1、 Convening of the board of directors

The 18th meeting of the 5th board of directors of Hiconics Eco-Energy Technology Co.Ltd(300048) (hereinafter referred to as “the company”) was held on February 18, 2022 by combining on-site and communication meetings, and the meeting notice was delivered by mail and telephone on February 15, 2022. There are 7 directors who should attend the meeting and 7 directors who actually attend the meeting. Some supervisors and senior managers of the company attended the meeting as nonvoting delegates. The meeting was presided over by Mr. Fu Yongjun, chairman of the board. The convening and procedures of the meeting comply with the provisions of relevant national laws, administrative regulations, departmental rules and the articles of association. After careful deliberation, the directors attending the meeting formed the following resolutions:

2、 Deliberations of the board meeting

1. Deliberated and passed the proposal on equity transfer, debt restructuring and related party transactions of subsidiaries

The company plans to transfer the 4% equity of Hangzhou HENGLING Technology Co., Ltd. (hereinafter referred to as “Hangzhou Hengling”) to Shanghai Shangfeng Group Co., Ltd. (hereinafter referred to as “Shangfeng group”) and Mr. Ye Jinwu for RMB 9.52 million. It is proposed to transfer 71.25% of the equity of Wuhan Hekang Electric Drive Technology Co., Ltd. (hereinafter referred to as “electric drive”) to Mr. Li Shunzhang for 1 yuan. After the completion of the above transactions, the company will no longer hold the equity of Hangzhou Hengling and electric drive, and electric drive will no longer be the holding subsidiary of the company and will no longer be included in the scope of the company’s consolidated statements.

By the end of 2021, the net assets of electric drive were -12.13 million and the liability to the company was 14.43 million yuan. The company plans to partially exempt the debt of electric drive. After Exemption, the liability of electric drive to the company is 9.18 million yuan, and Shangfeng group and ye Jinwu shall be jointly and severally liable for payment.

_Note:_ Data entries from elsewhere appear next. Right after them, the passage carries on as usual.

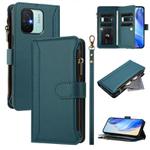 For Redmi 11A 4G / Xiaomi Poco C55 Magnetic Closure 9 Card Slots Zipper Leather Case with Hand Strap(Dark Green)
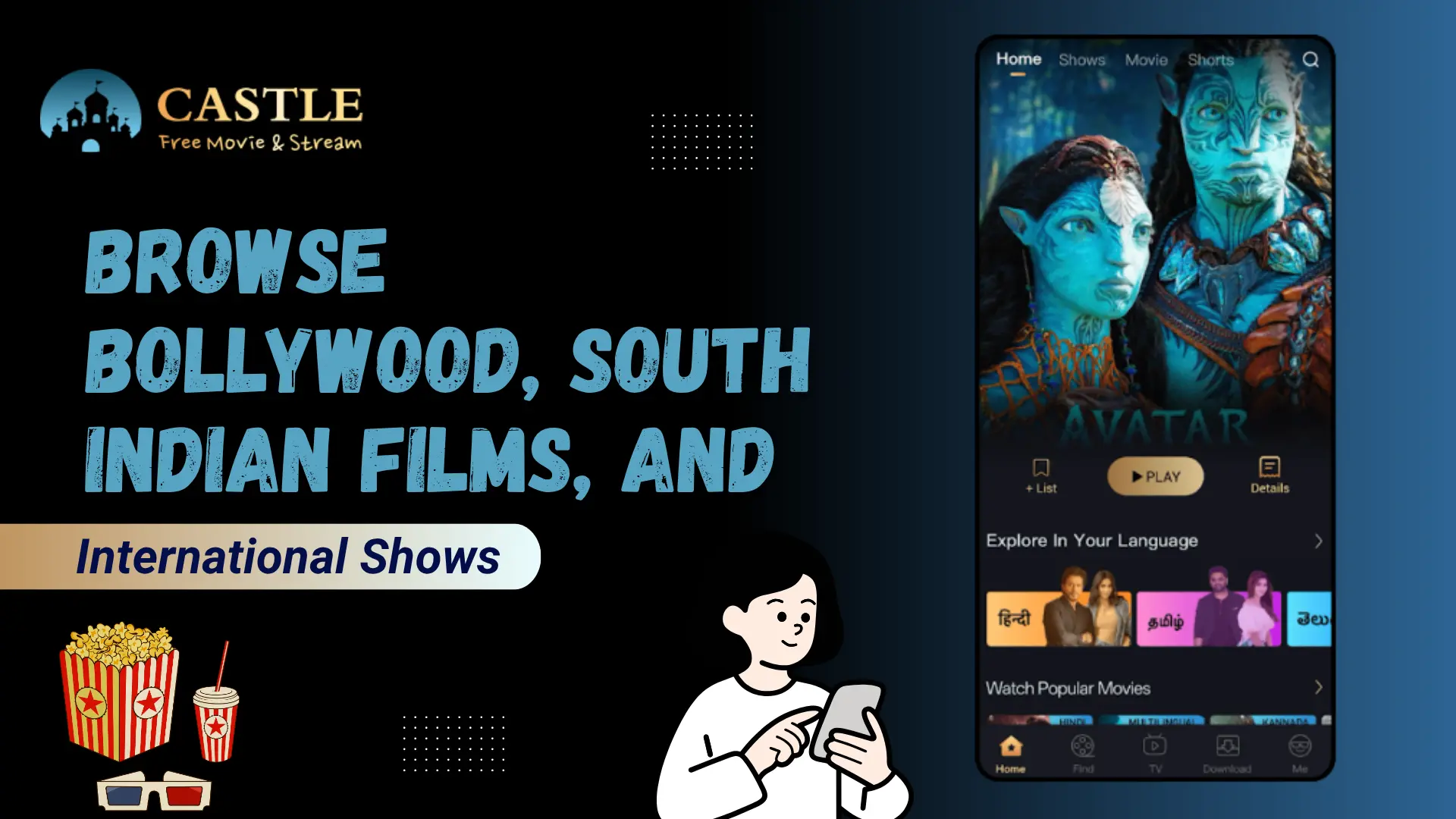 Castle App interface with movies in different languages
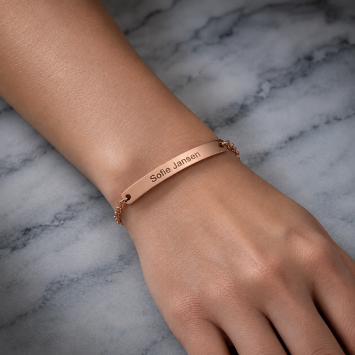 Rosegoud stalen graveerarmband met jasseron band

Announcement of resolutions of the 18th meeting of the 5th board of directors

This proposal has been approved and approved by independent directors in advance. For details, see the announcement on equity transfer and related party transactions of subsidiaries disclosed by the company on the same day on the information disclosure website designated by the CSRC.

The proposal was adopted with 7 affirmative votes, 0 negative votes and 0 abstention.

2. Deliberated and adopted the proposal on by election of members of the audit committee of the Fifth Board of directors

According to the relevant provisions of the Shenzhen Stock Exchange GEM Listing Rules, self regulatory guidelines for listed companies No. 2 – standardized operation of companies listed on the gem, and the articles of association, the audit committee of the board of directors of the company shall be composed of three directors. Mr. Zhao Dongye, the former director, resigned as a member of the audit committee of the board of directors due to job transfer, One director is currently vacant. In order to ensure the normal operation of the company’s board of directors, upon nomination by the nomination committee of the board of directors, the board of directors agreed to elect Mr. Wu Dehai, a director of the company, as a member of the audit committee of the Fifth Board of directors of the company. His term of office starts from the date of adoption of the election by the board of directors to the date of expiration of the Fifth Board of directors of the company. His duties, authorities, decision-making procedures and rules of procedure shall be implemented in accordance with the relevant rules of procedure.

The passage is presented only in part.